C’est toujours important pour moi, une sortie. Une fois que l’album est dans les bacs, c’est fini, tu ne peux plus le reprendre, et j’aime ça. Je suis devenu DJ car je voulais partager la musique que j’aime avec les gens. Aujourd’hui, je sors un album, mais c’est à peu près la même chose, tu ne peux pas prévoir la réaction des gens et à quel point ça peut les affecter : certains fans m’ont dit qu’ils avaient conçu leur enfant en écoutant ma musique… Je ne pense pas à ça quand j’écris mes morceaux, mais ça existe !
Tu t’es fait également beaucoup critiquer, tes fans ont pu être durs avec toi, notamment au moment de la sortie de The Outsider…

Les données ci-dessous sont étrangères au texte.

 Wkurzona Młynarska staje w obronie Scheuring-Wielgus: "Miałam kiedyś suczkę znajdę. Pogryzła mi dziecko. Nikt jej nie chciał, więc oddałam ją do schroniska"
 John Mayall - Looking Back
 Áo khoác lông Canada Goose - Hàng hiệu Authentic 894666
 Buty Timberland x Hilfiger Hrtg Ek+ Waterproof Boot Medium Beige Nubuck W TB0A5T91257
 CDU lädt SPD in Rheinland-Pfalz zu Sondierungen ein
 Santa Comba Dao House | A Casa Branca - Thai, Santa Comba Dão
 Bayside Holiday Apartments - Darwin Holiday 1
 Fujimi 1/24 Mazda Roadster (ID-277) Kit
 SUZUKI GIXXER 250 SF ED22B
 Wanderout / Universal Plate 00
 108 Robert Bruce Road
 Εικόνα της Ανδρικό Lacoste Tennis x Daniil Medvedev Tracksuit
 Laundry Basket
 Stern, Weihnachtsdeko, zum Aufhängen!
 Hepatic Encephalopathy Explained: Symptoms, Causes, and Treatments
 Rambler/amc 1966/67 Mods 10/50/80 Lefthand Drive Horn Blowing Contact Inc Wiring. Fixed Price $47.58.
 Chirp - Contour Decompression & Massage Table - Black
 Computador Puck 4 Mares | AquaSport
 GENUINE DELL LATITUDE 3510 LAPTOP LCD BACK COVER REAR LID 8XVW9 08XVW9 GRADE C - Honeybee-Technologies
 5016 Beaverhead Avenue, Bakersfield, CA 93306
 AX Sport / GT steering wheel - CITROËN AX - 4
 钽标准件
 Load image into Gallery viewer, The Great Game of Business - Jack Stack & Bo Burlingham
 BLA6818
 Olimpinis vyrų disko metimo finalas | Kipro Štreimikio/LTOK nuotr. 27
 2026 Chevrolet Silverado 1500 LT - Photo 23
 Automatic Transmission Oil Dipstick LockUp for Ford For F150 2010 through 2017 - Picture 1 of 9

On est à l’ère des réseaux sociaux, c’est très facile pour les gens de donner leur opinion… Donc ils le font ! Certains classiques géniaux ont des commentaires odieux. Je ne dis pas que ça ne blesse pas du tout, mais il faut avoir les nerfs solides dans ce métier. Dans tous les cas je ne comprends pas trop l’intérêt : personnellement, quand j’utilise les réseaux sociaux c’est pour parler de trucs que j’aime et que j’ai envie de partager !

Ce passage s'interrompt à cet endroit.